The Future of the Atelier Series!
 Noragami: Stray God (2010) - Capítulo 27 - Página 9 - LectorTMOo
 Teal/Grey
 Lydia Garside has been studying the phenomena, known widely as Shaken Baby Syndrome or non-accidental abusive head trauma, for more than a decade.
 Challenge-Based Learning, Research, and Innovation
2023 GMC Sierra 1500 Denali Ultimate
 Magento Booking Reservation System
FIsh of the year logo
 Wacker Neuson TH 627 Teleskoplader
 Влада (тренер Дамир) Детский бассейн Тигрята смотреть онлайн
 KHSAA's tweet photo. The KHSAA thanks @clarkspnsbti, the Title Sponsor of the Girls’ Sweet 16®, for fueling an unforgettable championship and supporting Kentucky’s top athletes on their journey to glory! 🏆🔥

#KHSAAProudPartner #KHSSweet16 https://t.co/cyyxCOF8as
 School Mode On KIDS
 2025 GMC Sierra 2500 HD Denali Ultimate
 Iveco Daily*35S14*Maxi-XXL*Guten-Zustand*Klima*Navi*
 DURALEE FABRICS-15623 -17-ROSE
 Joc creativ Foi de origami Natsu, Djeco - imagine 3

____________

▶ _Problem statement_
Here the output must be the lines above from the line with "Noragami: Stray God" to the line with "Влада (тренер Дамир)", both included, duplicated word for word and nothing else.

▶ _The answer_
 Noragami: Stray God (2010) - Capítulo 27 - Página 9 - LectorTMOo
 Teal/Grey
 Lydia Garside has been studying the phenomena, known widely as Shaken Baby Syndrome or non-accidental abusive head trauma, for more than a decade.
 Challenge-Based Learning, Research, and Innovation
2023 GMC Sierra 1500 Denali Ultimate
 Magento Booking Reservation System
FIsh of the year logo
 Wacker Neuson TH 627 Teleskoplader
 Влада (тренер Дамир) Детский бассейн Тигрята смотреть онлайн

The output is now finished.